The business problem we are trying to solve is very simple. We want to deliver accurate and highly relevant recommendations to help the sales organization most effectively close an opportunity; from finding experts to identifying similar opportunities and locating valuable assets that will maximize their chances of success. That’s it! The technical solution is a wee bit more involved and will incorporate a combination of content analytics, socio-semantic modelling, and social network analytics.
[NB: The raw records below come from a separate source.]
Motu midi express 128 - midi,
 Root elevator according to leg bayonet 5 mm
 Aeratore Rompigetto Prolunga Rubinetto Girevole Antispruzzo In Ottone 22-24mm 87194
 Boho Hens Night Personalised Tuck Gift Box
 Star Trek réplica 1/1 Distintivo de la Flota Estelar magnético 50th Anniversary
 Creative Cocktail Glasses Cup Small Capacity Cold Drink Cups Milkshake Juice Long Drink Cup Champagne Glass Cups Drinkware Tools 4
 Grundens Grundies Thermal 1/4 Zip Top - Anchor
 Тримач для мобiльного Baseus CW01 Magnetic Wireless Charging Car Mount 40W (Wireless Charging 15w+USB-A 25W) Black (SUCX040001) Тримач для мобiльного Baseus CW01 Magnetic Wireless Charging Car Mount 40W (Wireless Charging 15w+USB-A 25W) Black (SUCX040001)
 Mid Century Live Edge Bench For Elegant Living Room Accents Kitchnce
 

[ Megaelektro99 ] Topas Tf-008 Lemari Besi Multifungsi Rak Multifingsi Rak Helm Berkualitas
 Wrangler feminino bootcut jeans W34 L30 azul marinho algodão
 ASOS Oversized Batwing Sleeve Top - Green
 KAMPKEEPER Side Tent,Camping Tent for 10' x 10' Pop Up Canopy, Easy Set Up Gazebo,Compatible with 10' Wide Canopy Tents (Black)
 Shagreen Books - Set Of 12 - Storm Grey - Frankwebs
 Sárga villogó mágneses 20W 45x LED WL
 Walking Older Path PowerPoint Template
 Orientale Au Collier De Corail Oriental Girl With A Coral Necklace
To deliver the required level of accuracy we need to model the end-to-end business process associated with closing an opportunity. This allows us to take multiple dimensions of an opportunity into account when making our recommendation calculations. For example;

  • The client, industry and location, meetings related to the opportunity, products and potential competitors, and topic mentions within any related collateral, such as meeting minutes, proposal documents, activities and tasks, etc.
     
  • Since we are modelling the business process and not just the data model it allows us to incorporate temporal information, such as the status of an opportunity in time.
     
  • Our social network approach to this problem allows us to integrate the people interactions, such as who was involved in an opportunity, in what capacity, how actively, at what phases of the engagement, etc. As we include more and more people interactions across applications, we can make better inferences about both the people and the activities they are involved in.
     
  • Finally, we have added some social features, such as people recommendations, which allow us to further build out the social network and incorporate feedback from the people involved in the opportunities.

But talk is cheap, so lets put our money where our mouth is and describe what we are concretely doing to realize the objectives as outlined above.

  • We are harvesting the social network from the SugarCRM system, extracting explicit relationships from the underlying schema, inferring new ones, and adding some explicit social ones — most immediately a “recommended” relationship.
     
  • We are then using our IBM Connections social indexer to merge these relationships with those already part of the IBM Connections social platform.
     
  • We then use our IBM Connections recommendation system in order to provide us recommendations (people, opportunity, content, etc.) that take into consideration the combined social network from both the Connections collaboration system and the Sugar CRM business application.

This combining of the two systems not only gives us improved recommendations that leverage an understanding of the broader set of interactions between people within the business, but it also allows us to take into consideration more than is explicit in both systems. For example; if I am looking to realize a successful project outcome I need expertise, however a larger part (in my opinion) is the chemistry that makes up a team. By capturing the outcome of prior opportunities we can use past successful teaming as a way to infer optimal combinations for future projects.

Success is ultimately about people and therefore we need a people-centric analytics infrastructure that takes into account the subtleties of human interaction.